→ AVAILABLE DATA:
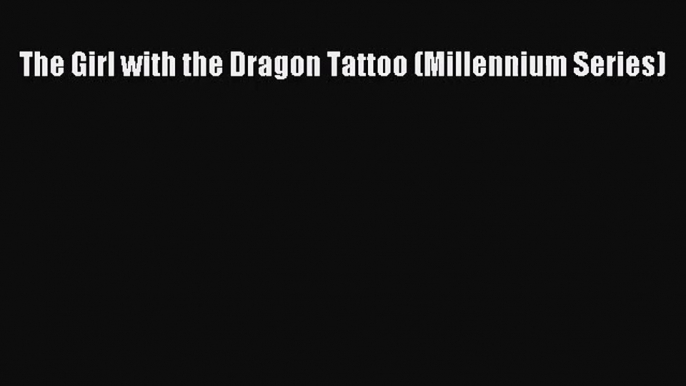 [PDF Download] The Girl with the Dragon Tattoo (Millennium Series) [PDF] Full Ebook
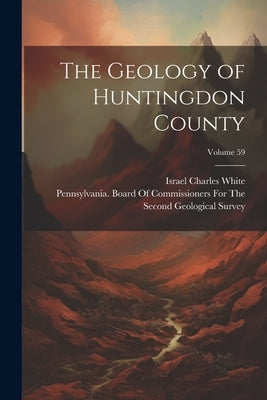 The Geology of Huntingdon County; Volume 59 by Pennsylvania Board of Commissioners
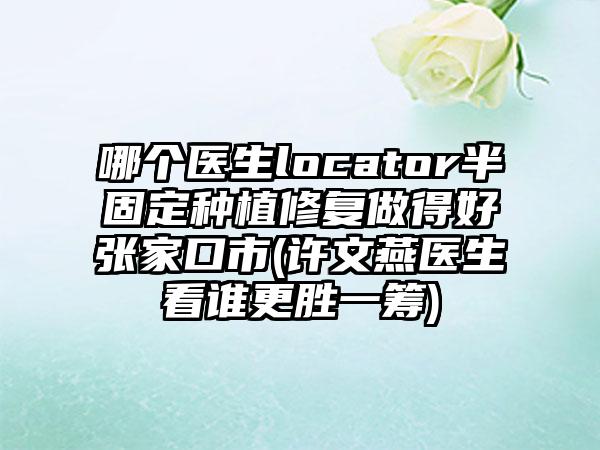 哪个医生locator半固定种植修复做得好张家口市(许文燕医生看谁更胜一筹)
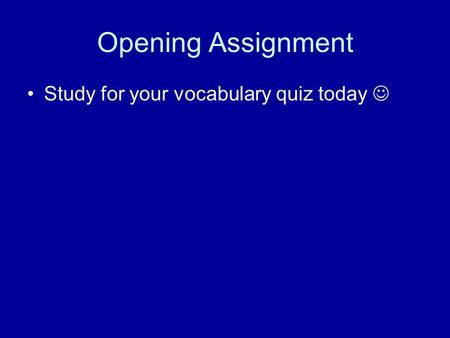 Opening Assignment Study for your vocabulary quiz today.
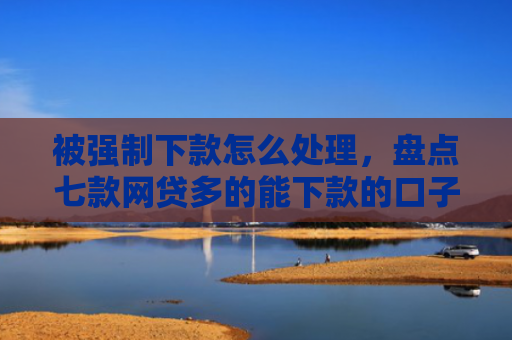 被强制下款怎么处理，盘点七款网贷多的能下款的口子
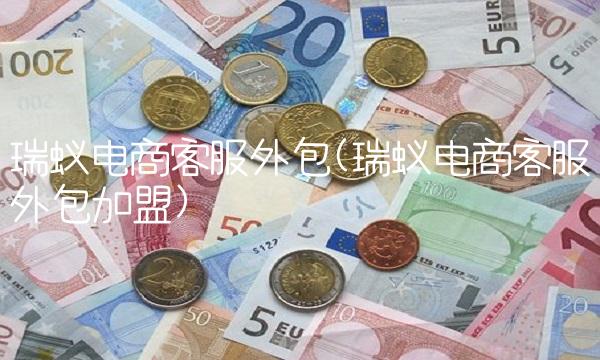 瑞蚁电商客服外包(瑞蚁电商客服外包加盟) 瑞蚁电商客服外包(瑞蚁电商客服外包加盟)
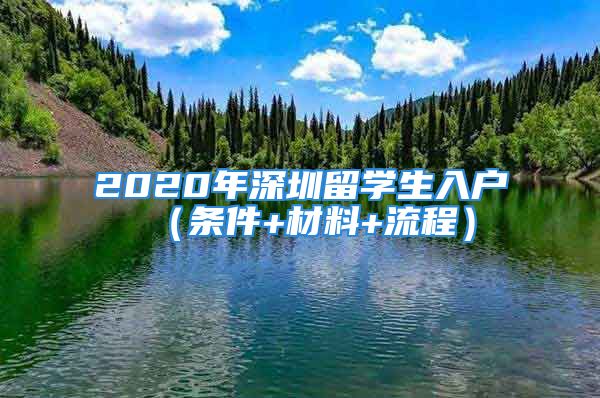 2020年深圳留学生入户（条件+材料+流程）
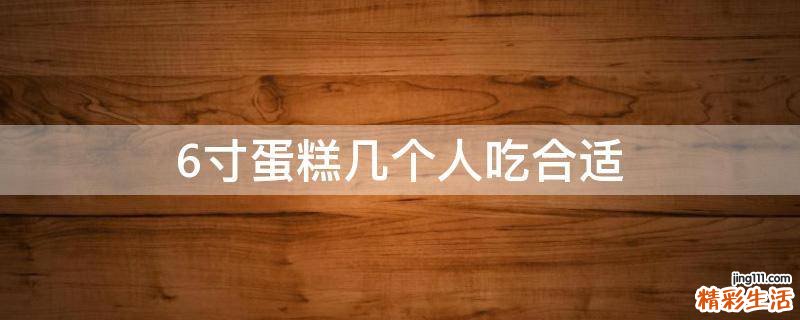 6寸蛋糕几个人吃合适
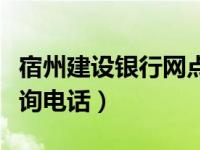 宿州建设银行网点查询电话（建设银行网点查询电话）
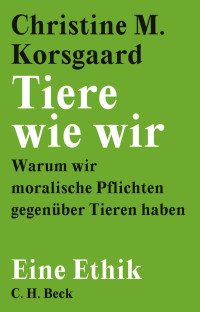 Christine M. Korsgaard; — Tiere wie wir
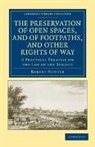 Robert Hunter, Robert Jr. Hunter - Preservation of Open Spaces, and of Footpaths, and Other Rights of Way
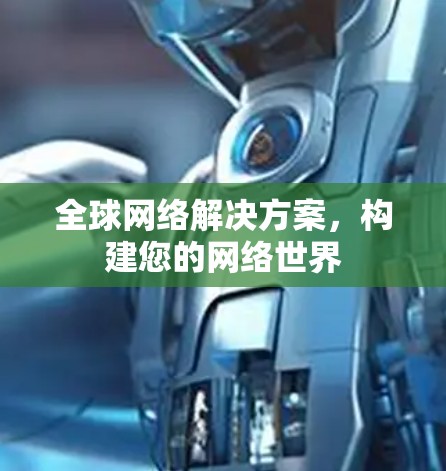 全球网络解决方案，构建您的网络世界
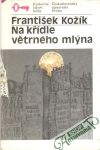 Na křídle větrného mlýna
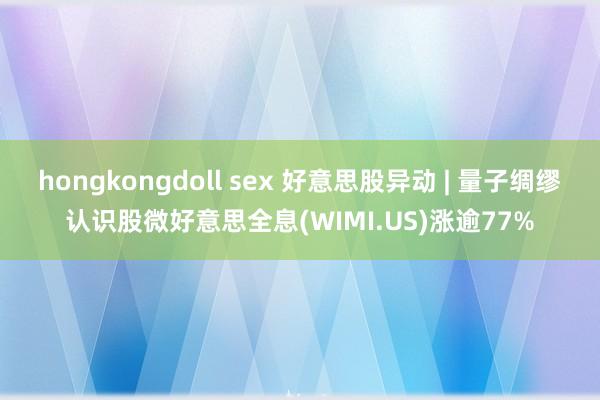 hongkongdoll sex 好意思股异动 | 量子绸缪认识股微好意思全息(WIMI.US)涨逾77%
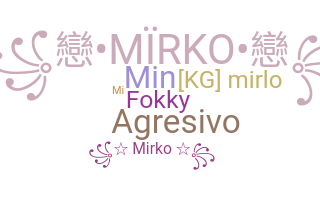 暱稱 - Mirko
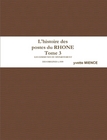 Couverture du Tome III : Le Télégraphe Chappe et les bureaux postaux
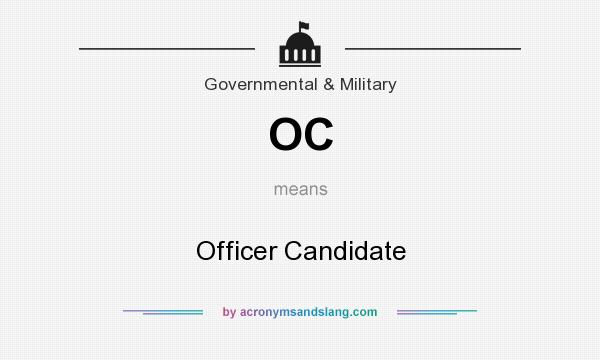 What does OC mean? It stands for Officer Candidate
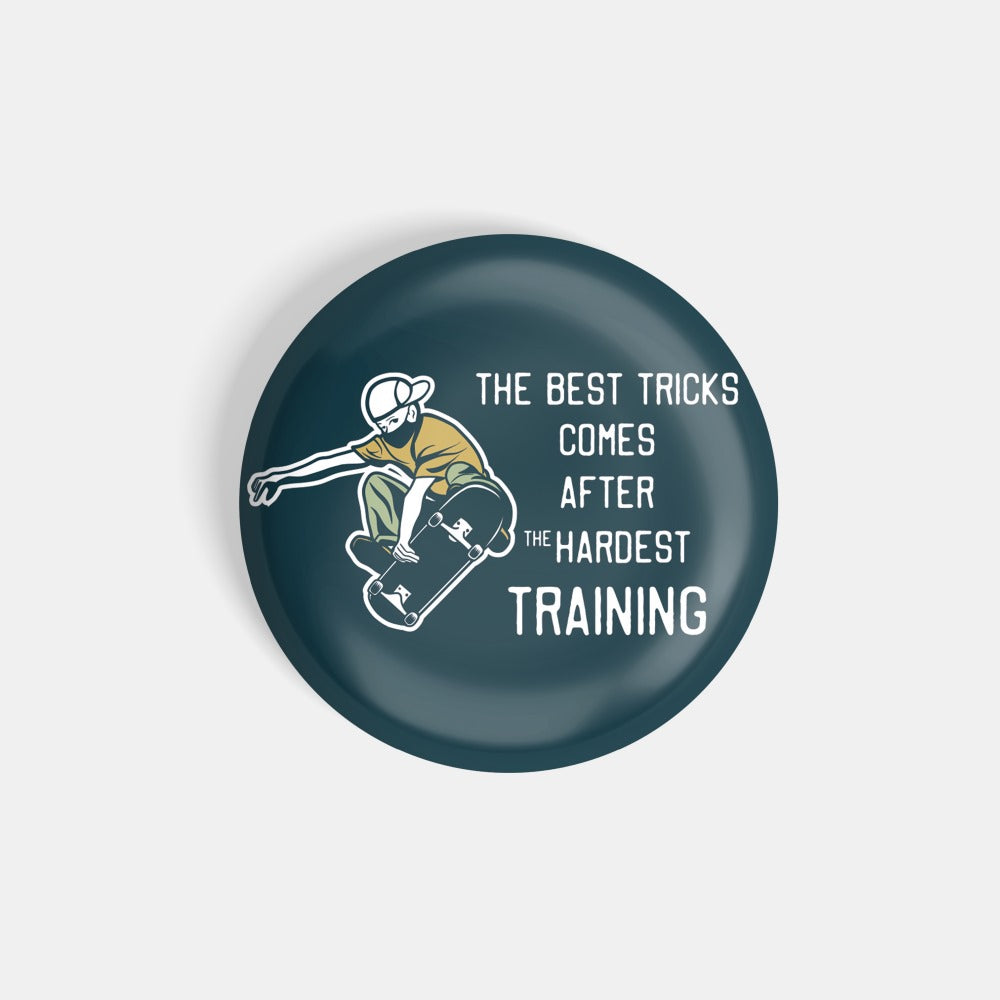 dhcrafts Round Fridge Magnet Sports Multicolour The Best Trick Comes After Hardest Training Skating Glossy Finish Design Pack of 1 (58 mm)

...

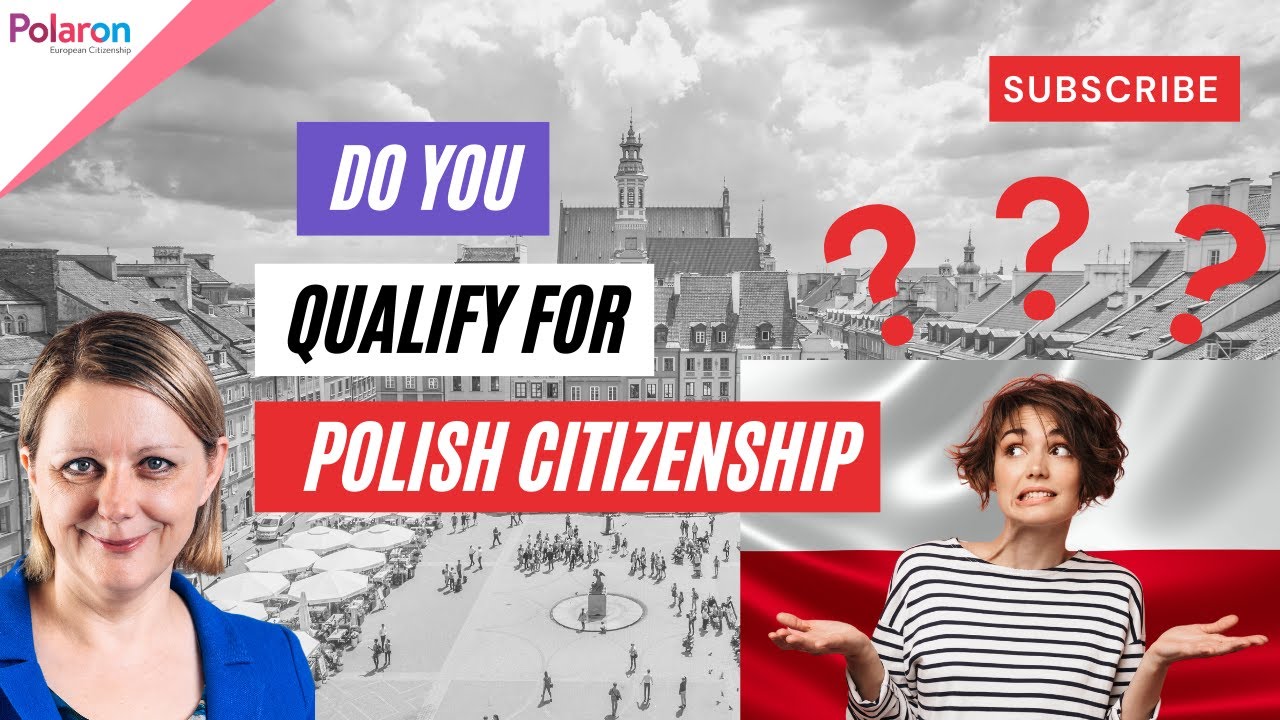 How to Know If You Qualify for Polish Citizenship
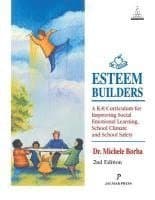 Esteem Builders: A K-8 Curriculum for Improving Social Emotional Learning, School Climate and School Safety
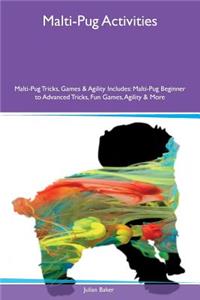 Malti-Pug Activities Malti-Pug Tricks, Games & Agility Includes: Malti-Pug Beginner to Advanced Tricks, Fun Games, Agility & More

...

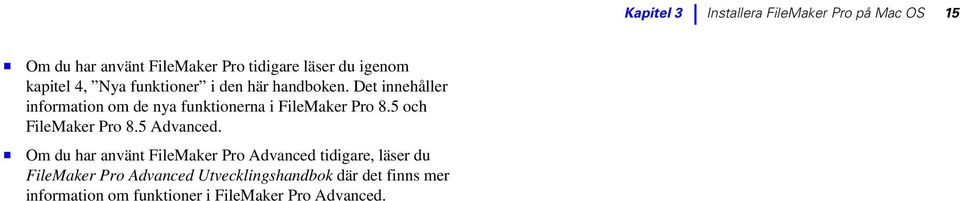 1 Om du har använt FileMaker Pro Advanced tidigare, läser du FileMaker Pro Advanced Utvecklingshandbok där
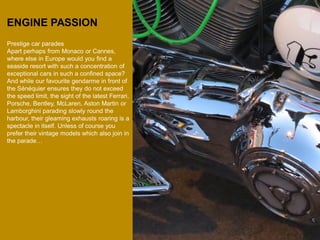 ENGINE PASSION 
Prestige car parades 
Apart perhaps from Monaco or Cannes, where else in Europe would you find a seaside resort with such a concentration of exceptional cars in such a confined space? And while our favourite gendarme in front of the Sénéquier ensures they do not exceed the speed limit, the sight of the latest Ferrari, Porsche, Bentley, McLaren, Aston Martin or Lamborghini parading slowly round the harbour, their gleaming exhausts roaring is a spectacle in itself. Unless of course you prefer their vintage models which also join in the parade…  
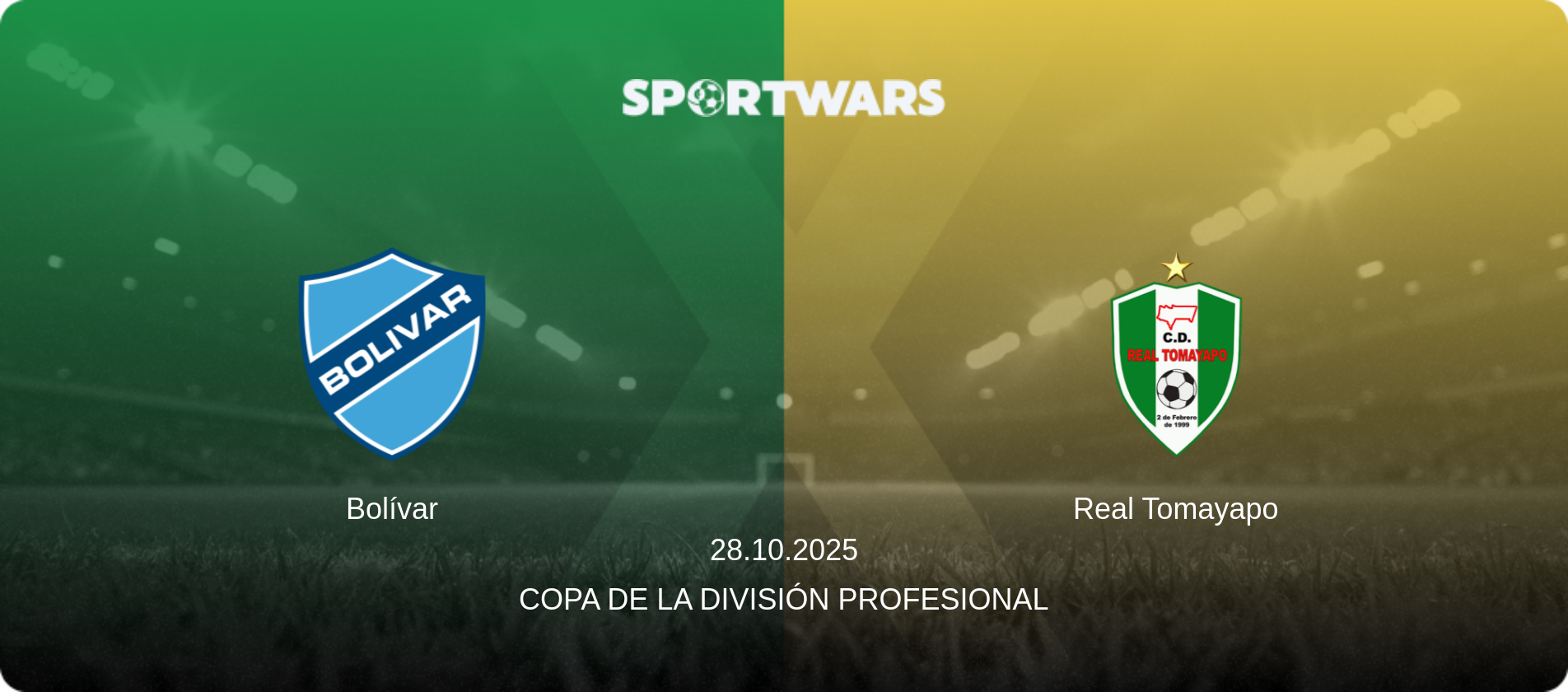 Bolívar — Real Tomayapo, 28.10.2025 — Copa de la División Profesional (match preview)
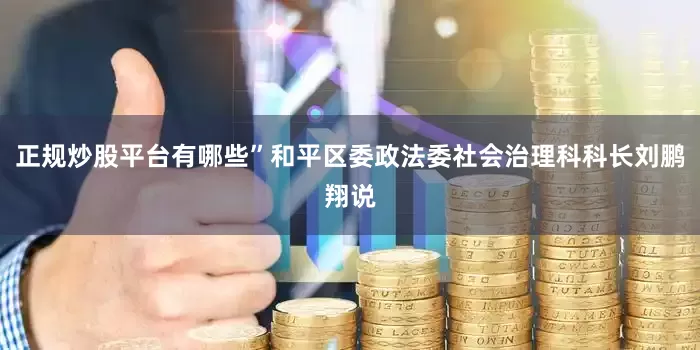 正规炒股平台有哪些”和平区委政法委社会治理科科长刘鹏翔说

→ EXERCISE PROMPT: Return exactly the lines above, from the one with "1 Om du har" up to and including the one with "Prestige car parades", and include no pictures.

→ EXERCISE ANSWER:
 1 Om du har använt FileMaker Pro Advanced tidigare, läser du FileMaker Pro Advanced Utvecklingshandbok där
 ENGINE PASSION 
Prestige car parades 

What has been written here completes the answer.